Entries shown
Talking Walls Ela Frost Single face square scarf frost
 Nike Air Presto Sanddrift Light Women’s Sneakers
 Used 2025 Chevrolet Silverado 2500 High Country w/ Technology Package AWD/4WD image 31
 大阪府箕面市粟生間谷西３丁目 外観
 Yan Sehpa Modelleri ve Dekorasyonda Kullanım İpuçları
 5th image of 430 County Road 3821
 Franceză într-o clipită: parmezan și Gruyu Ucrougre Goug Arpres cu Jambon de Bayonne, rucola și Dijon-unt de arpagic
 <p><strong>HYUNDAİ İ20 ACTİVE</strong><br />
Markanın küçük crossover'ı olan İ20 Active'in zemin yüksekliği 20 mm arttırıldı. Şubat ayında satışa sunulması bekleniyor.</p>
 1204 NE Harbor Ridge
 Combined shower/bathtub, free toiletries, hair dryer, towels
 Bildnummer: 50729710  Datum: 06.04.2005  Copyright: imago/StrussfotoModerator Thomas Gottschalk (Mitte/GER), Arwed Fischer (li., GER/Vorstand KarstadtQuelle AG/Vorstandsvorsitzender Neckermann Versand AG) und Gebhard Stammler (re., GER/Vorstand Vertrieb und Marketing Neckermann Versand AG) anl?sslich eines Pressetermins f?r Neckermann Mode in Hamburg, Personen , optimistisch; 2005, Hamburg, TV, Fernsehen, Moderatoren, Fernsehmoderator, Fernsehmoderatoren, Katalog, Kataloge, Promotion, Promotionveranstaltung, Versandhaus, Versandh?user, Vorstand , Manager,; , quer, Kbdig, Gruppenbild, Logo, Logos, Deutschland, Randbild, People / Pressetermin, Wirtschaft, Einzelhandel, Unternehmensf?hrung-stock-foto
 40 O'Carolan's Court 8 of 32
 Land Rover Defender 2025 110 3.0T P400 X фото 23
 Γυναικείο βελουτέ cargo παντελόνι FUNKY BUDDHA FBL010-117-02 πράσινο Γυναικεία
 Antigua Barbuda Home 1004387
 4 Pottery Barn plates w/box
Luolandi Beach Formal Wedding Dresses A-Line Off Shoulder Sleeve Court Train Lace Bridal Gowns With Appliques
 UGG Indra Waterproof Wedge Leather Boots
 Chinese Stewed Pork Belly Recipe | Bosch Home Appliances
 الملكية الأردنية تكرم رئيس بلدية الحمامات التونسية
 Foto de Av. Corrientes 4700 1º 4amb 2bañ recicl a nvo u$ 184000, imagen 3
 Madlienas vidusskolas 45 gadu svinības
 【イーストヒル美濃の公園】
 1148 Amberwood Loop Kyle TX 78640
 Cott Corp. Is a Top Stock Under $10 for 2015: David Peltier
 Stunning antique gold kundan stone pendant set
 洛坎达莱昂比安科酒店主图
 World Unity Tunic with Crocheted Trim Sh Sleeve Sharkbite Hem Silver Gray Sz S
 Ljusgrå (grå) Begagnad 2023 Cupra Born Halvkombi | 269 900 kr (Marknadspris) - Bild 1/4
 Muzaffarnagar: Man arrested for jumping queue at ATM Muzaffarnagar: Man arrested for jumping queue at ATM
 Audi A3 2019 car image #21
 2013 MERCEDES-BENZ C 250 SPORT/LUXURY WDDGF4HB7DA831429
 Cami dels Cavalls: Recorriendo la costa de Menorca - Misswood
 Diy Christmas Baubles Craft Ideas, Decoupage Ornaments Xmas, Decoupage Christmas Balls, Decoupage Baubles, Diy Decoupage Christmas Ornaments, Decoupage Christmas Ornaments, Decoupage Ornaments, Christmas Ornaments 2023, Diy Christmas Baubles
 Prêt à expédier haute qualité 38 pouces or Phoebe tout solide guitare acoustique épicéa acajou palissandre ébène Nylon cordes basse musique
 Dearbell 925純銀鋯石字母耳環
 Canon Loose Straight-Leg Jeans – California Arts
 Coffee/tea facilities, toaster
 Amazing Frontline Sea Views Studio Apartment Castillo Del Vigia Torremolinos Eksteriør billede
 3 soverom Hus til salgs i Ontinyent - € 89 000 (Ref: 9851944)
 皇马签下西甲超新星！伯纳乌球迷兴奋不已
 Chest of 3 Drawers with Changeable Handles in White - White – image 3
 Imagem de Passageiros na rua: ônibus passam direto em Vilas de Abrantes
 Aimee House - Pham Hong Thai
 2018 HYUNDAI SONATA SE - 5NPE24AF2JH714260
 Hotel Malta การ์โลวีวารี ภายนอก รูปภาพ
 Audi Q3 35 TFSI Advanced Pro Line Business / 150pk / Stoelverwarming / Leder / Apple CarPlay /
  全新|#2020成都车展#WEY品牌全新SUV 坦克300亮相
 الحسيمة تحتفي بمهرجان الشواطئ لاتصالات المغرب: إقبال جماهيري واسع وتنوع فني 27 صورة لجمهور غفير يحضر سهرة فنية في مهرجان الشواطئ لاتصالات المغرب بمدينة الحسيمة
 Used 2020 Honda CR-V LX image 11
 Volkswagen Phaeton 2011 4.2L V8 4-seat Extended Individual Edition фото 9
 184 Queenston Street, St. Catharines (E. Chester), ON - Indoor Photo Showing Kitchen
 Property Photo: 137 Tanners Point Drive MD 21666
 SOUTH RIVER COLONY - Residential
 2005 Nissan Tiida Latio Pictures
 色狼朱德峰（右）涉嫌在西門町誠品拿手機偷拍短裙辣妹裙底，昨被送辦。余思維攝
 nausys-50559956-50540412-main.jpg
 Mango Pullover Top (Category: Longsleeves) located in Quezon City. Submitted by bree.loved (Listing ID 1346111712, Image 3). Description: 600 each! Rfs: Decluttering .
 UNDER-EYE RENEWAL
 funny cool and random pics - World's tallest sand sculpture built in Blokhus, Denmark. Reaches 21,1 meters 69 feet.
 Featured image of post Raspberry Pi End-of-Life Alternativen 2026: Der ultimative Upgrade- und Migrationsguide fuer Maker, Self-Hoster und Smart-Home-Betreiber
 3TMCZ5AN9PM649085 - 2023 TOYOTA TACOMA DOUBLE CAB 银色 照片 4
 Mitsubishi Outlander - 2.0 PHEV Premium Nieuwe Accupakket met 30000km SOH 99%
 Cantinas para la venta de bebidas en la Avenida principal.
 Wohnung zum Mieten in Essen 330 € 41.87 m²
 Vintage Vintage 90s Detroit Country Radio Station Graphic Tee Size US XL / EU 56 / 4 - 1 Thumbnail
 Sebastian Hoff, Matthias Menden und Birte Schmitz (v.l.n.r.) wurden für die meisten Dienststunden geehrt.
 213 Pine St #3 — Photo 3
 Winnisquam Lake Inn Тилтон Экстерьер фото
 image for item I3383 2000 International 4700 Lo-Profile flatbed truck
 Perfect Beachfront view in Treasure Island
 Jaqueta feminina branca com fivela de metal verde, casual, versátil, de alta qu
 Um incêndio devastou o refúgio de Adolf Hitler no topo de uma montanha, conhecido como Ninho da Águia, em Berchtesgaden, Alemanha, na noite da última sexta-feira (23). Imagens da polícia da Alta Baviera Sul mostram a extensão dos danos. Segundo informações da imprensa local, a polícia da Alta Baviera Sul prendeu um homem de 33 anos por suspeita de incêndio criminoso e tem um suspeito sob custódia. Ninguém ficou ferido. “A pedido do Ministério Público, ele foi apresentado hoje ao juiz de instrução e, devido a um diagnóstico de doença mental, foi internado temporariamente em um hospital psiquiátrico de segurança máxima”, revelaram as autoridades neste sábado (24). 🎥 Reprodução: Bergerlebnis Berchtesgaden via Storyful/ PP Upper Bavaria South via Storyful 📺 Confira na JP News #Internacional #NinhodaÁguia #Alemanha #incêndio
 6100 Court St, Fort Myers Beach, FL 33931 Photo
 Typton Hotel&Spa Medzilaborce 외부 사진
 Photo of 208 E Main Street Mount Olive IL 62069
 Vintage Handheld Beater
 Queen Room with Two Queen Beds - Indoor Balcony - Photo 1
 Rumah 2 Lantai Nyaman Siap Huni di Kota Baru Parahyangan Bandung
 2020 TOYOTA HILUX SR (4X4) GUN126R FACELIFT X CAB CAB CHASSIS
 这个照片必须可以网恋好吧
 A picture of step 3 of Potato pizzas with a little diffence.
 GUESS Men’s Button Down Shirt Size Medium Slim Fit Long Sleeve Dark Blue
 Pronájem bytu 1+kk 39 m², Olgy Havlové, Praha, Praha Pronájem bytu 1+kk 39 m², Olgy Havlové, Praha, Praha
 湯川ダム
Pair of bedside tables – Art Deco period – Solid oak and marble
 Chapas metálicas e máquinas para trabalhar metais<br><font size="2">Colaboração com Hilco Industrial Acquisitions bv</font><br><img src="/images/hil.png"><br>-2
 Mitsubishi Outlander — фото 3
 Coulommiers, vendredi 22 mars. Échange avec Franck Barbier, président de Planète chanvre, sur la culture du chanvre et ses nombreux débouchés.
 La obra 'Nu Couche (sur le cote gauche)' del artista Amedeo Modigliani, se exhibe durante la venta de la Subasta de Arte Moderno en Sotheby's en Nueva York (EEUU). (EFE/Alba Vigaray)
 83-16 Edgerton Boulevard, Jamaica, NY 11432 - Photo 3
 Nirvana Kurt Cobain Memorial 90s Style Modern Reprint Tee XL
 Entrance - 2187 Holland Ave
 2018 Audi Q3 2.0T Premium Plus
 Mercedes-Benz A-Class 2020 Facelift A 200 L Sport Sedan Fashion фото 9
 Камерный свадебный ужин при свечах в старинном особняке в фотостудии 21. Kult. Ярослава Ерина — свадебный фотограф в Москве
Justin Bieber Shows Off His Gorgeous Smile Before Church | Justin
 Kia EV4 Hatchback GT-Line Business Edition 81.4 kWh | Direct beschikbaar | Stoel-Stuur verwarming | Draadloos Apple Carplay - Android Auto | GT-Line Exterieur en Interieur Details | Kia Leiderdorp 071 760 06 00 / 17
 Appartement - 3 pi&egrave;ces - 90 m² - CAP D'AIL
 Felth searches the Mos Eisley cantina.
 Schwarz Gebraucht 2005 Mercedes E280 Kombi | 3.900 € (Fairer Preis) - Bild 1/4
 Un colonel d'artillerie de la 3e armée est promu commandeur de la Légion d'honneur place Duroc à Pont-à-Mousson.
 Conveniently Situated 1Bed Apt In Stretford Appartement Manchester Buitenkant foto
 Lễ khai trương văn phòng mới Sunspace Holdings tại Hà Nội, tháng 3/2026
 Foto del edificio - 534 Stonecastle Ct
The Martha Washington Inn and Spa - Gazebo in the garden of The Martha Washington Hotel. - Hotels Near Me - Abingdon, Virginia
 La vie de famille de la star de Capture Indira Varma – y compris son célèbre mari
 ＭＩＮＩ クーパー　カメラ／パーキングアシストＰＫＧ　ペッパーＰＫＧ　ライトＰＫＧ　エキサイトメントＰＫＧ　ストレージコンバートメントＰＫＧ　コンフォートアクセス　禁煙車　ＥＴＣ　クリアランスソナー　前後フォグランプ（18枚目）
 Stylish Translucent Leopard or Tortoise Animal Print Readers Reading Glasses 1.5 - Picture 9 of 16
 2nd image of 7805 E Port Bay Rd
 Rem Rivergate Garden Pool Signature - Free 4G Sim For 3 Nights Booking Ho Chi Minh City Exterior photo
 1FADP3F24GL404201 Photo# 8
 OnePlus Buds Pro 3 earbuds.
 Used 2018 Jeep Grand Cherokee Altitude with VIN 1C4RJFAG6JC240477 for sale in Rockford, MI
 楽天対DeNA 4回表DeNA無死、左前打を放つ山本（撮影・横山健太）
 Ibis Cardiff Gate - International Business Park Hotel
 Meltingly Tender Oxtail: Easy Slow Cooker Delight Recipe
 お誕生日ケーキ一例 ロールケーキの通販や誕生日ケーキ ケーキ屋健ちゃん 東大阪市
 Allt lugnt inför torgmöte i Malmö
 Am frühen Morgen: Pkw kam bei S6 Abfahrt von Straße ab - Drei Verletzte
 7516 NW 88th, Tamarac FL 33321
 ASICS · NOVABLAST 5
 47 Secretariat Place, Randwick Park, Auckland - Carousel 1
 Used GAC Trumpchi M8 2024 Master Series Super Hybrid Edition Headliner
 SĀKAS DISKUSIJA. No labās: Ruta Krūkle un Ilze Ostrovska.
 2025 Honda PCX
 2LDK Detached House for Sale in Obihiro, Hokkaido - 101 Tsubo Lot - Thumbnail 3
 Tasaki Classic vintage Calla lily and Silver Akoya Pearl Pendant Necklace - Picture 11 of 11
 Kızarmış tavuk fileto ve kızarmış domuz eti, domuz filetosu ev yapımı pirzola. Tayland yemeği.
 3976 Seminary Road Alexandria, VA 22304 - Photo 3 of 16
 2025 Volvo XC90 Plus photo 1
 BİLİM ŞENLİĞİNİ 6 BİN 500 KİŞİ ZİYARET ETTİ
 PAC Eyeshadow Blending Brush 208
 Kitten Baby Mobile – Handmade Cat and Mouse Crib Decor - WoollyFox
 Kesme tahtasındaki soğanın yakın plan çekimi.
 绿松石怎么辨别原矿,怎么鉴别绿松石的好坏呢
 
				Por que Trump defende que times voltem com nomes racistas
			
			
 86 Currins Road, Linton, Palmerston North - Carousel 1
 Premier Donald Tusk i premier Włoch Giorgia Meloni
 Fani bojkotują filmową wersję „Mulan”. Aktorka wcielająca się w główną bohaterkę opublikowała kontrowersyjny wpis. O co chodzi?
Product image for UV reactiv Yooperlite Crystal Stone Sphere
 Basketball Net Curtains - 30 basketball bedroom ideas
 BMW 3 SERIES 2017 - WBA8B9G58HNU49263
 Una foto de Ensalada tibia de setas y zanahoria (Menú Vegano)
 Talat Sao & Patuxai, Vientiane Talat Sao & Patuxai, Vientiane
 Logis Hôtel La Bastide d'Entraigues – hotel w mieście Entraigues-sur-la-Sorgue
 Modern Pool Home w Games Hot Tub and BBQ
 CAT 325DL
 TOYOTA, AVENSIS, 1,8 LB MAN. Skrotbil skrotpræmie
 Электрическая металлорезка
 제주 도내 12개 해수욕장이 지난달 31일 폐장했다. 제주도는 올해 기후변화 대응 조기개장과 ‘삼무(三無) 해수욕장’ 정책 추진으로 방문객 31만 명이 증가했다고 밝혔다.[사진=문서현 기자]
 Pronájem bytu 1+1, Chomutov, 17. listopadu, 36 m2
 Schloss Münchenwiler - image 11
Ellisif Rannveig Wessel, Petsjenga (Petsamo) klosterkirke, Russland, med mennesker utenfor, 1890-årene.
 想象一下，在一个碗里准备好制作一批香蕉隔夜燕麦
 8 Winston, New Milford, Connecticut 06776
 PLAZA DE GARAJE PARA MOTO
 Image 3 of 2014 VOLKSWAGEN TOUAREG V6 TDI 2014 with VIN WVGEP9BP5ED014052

Problem to solve
Above are the entries; repeat their lines exactly, from the first through the one that contains "Combined shower/bathtub, free".

Reply to the exercise
Talking Walls Ela Frost Single face square scarf frost
 Nike Air Presto Sanddrift Light Women’s Sneakers
 Used 2025 Chevrolet Silverado 2500 High Country w/ Technology Package AWD/4WD image 31
 大阪府箕面市粟生間谷西３丁目 外観
 Yan Sehpa Modelleri ve Dekorasyonda Kullanım İpuçları
 5th image of 430 County Road 3821
 Franceză într-o clipită: parmezan și Gruyu Ucrougre Goug Arpres cu Jambon de Bayonne, rucola și Dijon-unt de arpagic
 <p><strong>HYUNDAİ İ20 ACTİVE</strong><br />
Markanın küçük crossover'ı olan İ20 Active'in zemin yüksekliği 20 mm arttırıldı. Şubat ayında satışa sunulması bekleniyor.</p>
 1204 NE Harbor Ridge
 Combined shower/bathtub, free toiletries, hair dryer, towels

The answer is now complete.